That is the reason I tell "I'm reaching X as last address, which belongs to company Y, and after that I do not know what happens" if I'm troubleshooting a reachability issue. You can tell in which area a Black Hole might be from monitoring the surrounding, but never where it really is ;-).
Yes, the mtr command is fine but it's the code that isn't. The code doesn't give me anything that I need based on the requirements I posted above.

That is what I am looking for in terms of a solution to this problem.
@Qlemo; Correct, things change and are in potentially constant flux. Again however, I am not trying to map everything, I simply want to know which hop was down. I don't care if when it's up, it changes path, that is not important to me. I only want to log which hop went missing, how long, when it came back.

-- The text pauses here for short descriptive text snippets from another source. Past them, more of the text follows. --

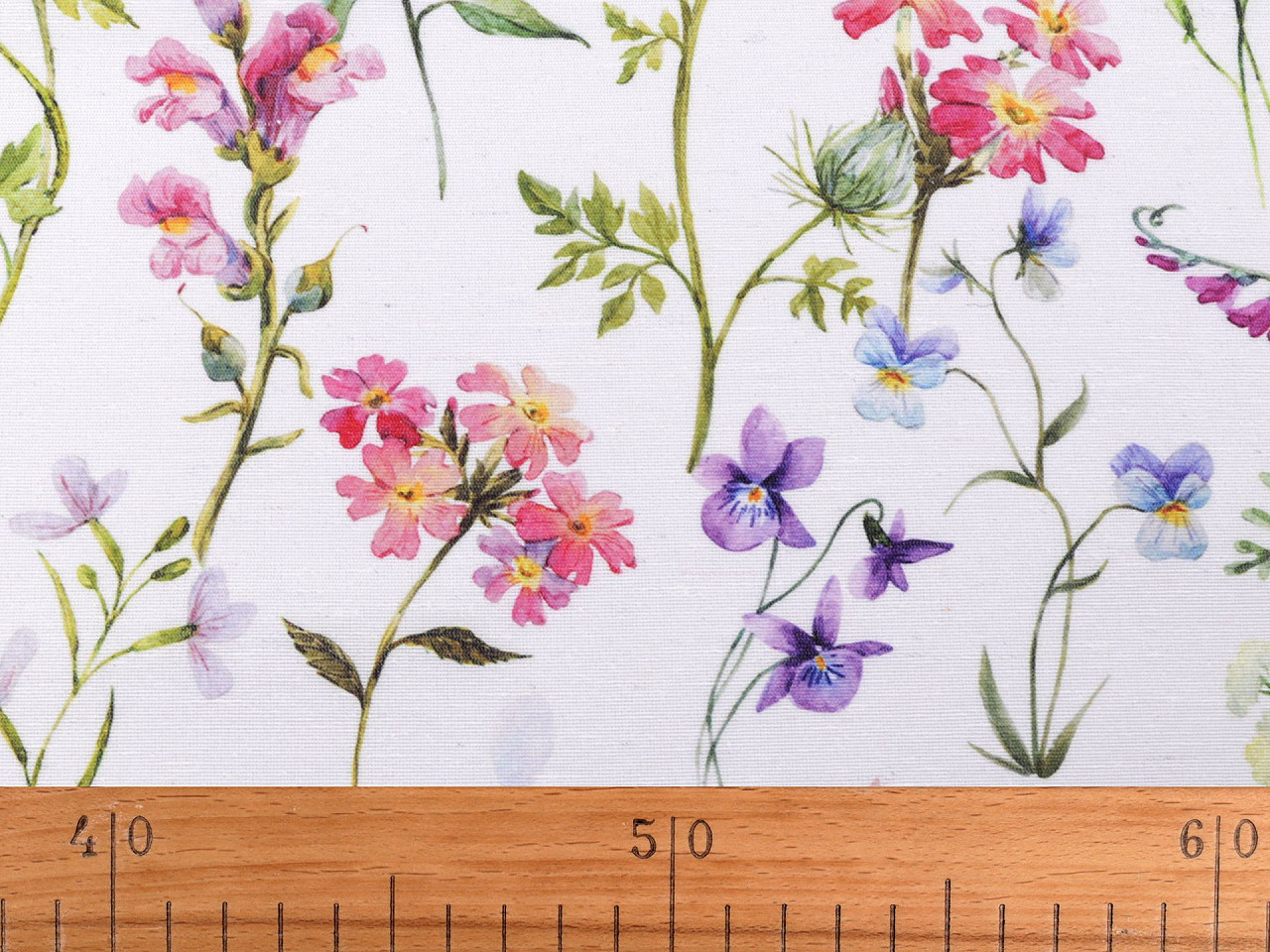 Dekorační látka Loneta PES luční kvítí, střední, (72) bílá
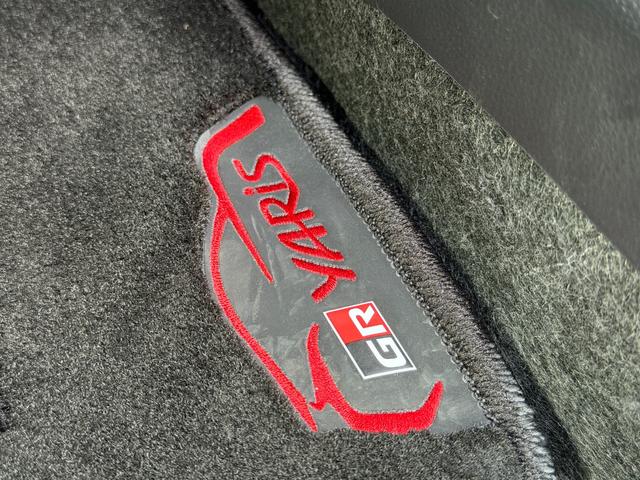 GRヤリス RZ ハイパフォーマンス 1.6 RZ ハイパフォーマンス 4WD LED BSM ETC2.0 ドラレコ ディスプレイオーディオ JBL カーボンルーフマーブル型 BBS製18インチAW(30枚目)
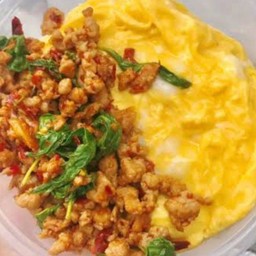 ข้าวกะเพราพริกแห้งไก่สับ+ไข่ข้น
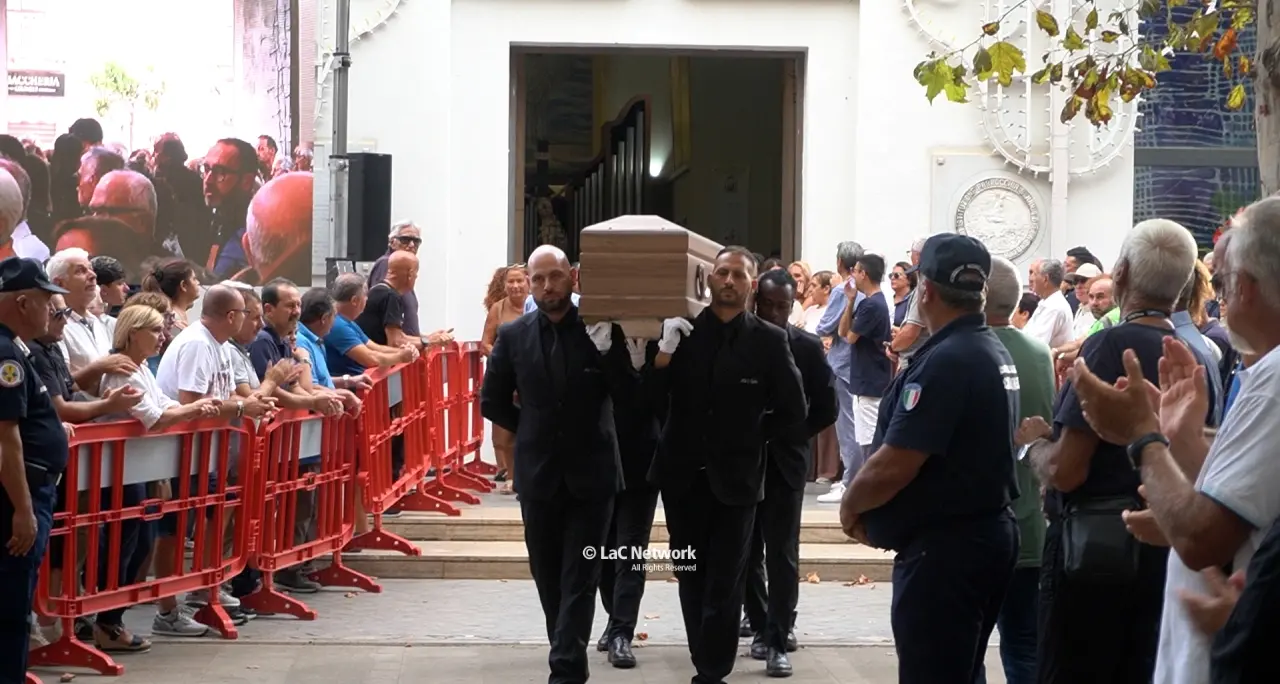 A Praia in\u00A0migliaia per l'ultimo saluto ad Andrea De Lorenzo, morto in un incidente sul lungomare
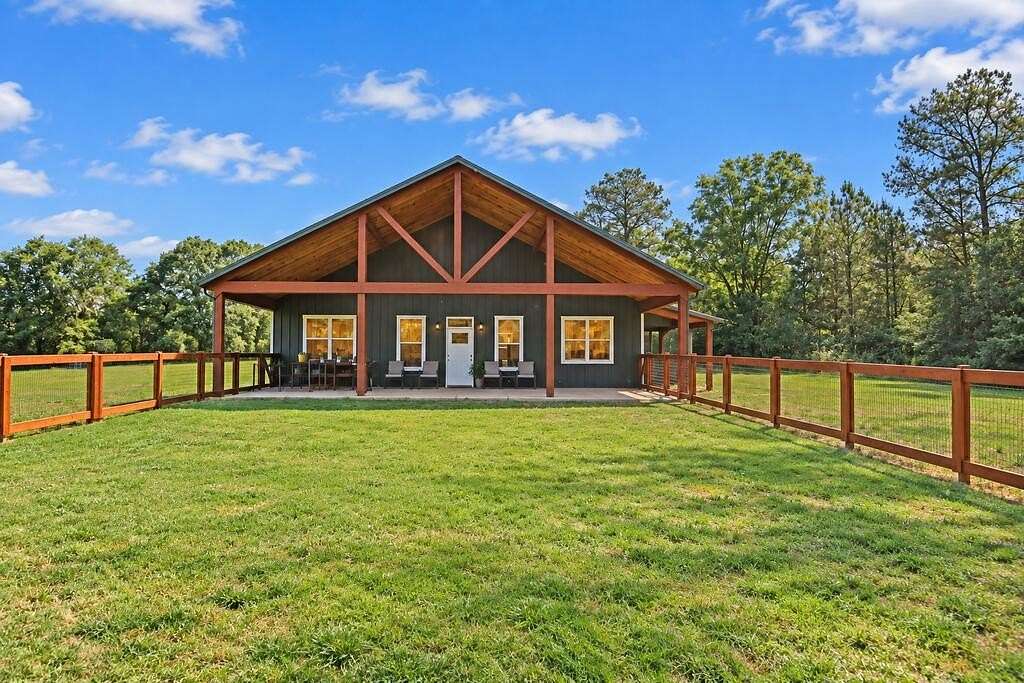3.17 Acres of Land with Home for Sale in Abbeville, South Carolina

Just as the requirements are above :)
And again, to know that, you need to compare the failure with a success, to get the difference. Without, you only know there is something missing, but not which hop.
@Olemo, we are not communicating well and both saying the same things :).

I already said yes, I understand that I won't know what the next hop is but I don't care. That isn't what is important to me. I simply want to know to which hop I CAN reach and that will already tell me which one I cannot reach. Even if the next hop changes, in my application, I don't care, I just need to know which last hop could be reached.
Ah, that's different and feasible. Now, since we've made that clear, the *nix shell experts can take over again. My *nix times are long gone ...
@Qlemo

I don't understand why that was not clear before however. I kept saying I know I cannot record the missing hop and that I don't care to.
How about the following instead.

How can I run mtr, continuously, in report mode, in a bash script, ending it's process properly so that it ends while correctly spitting out it's report.

That's really all I am trying to accomplish and have been for weeks. I have tried and tried to figure this out. I have hired help which cannot seem to get this done and I have asked here repeatedly in many different ways.

There must be at least one expert on this site that understands what I am trying to do here. It is not that complex but not once has someone either told me it can be done or this cannot be done.
I've asked this question in many ways so far and each time, they turn into very long threads.
I try to close them if/when there are actual answers which might help someone else.

That said, each time I have, I've come away with a little more information or knowledge or simply, the ability to ask again, this time with better details or description.

I don't want to leave all kinds of garbage questions on the site so figure with the information garnered from one question, I can ask a better question the next time.